The reply must repeat the listing below exactly and carry none of its pictures.

(Information provided)

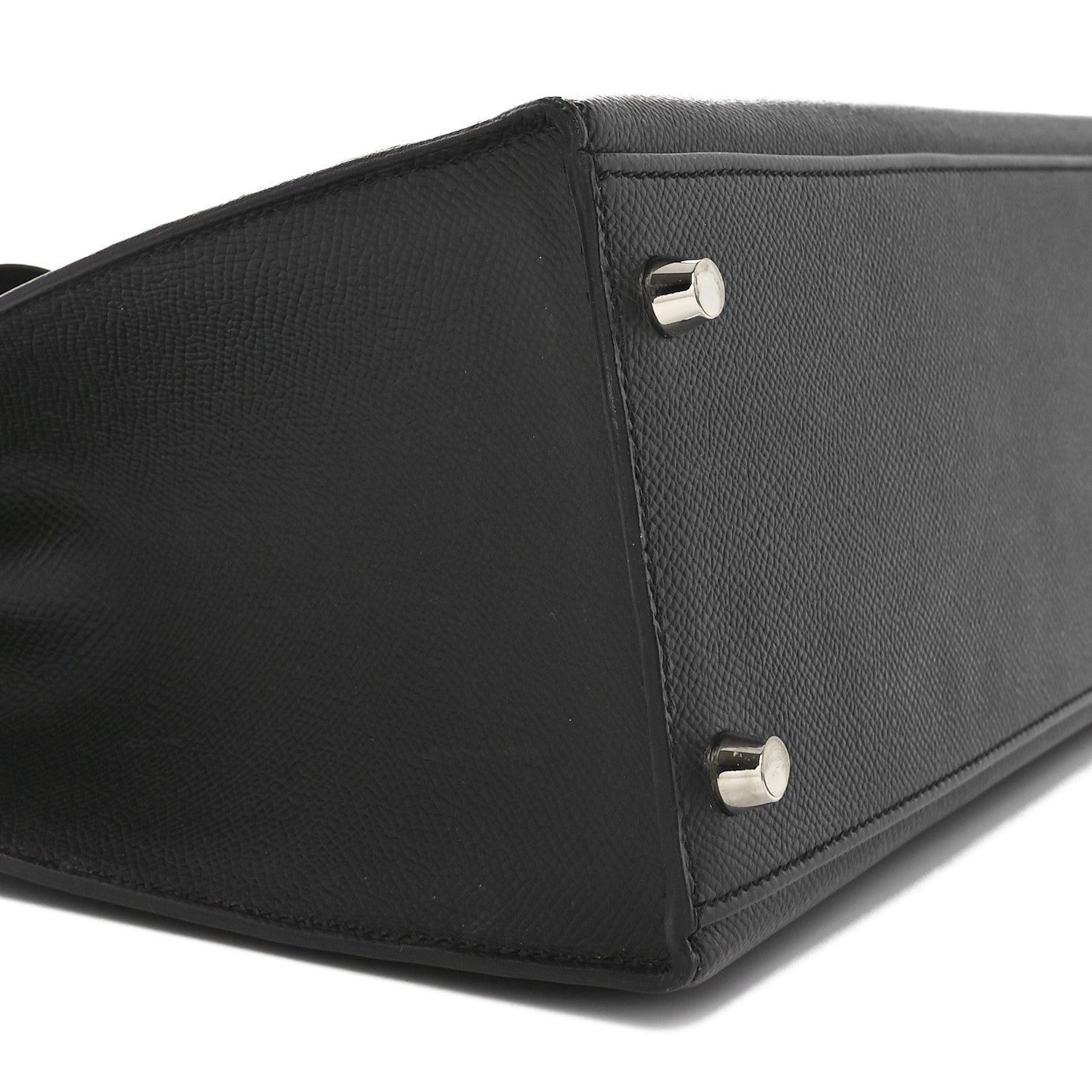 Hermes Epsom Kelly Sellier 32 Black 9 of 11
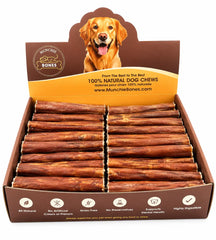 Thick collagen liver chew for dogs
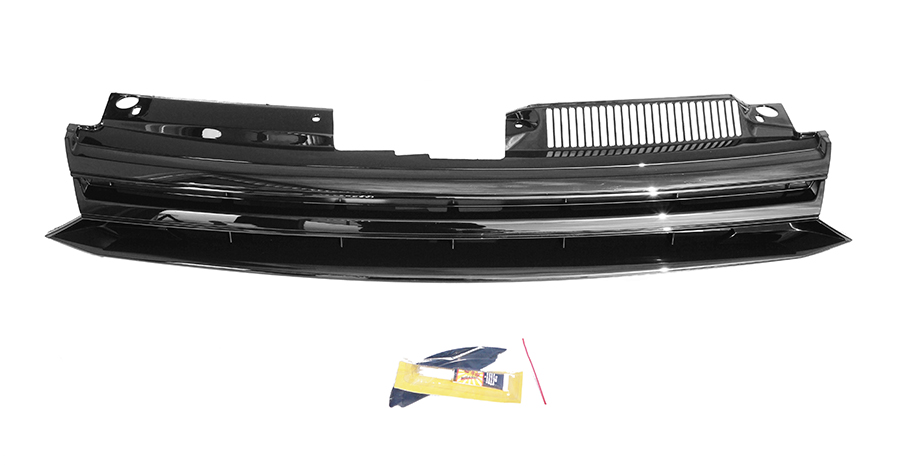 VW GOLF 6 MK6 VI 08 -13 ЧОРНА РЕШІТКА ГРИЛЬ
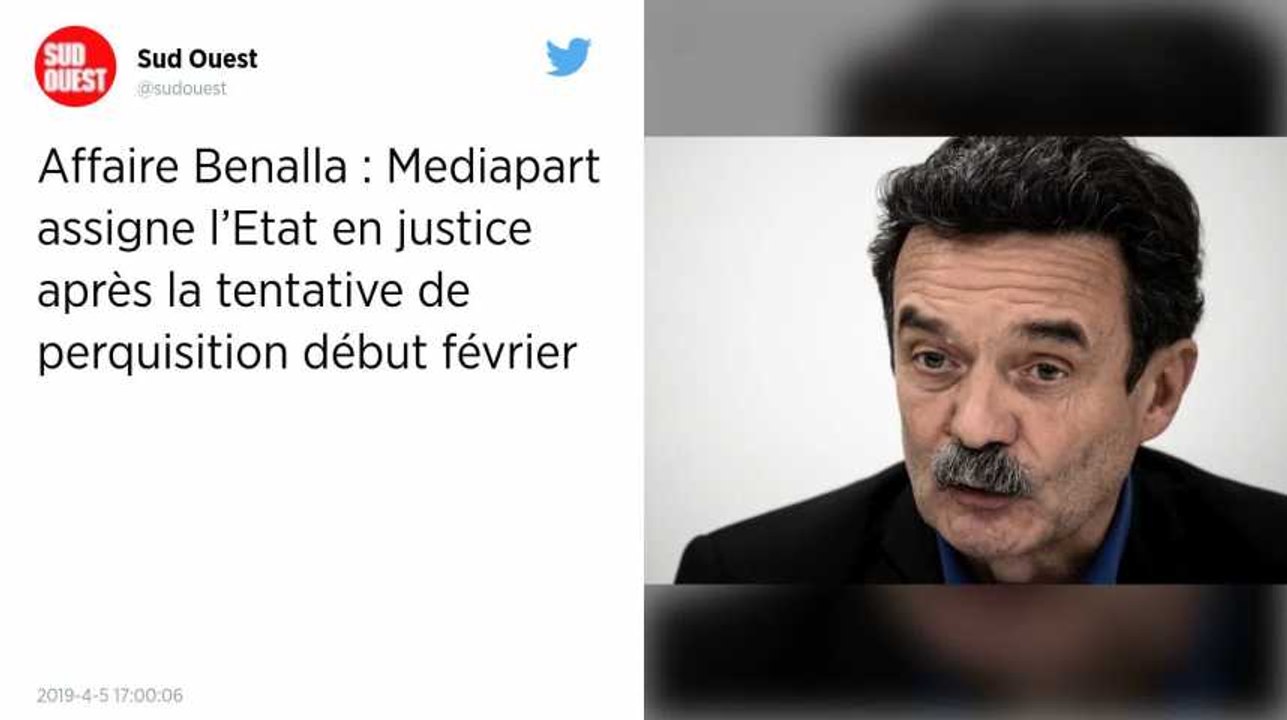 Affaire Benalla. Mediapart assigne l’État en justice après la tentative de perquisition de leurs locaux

(End Information provided)

**Task response**
 Hermes Epsom Kelly Sellier 32 Black 9 of 11
 Thick collagen liver chew for dogs
 VW GOLF 6 MK6 VI 08 -13 ЧОРНА РЕШІТКА ГРИЛЬ
 Affaire Benalla. Mediapart assigne l’État en justice après la tentative de perquisition de leurs locaux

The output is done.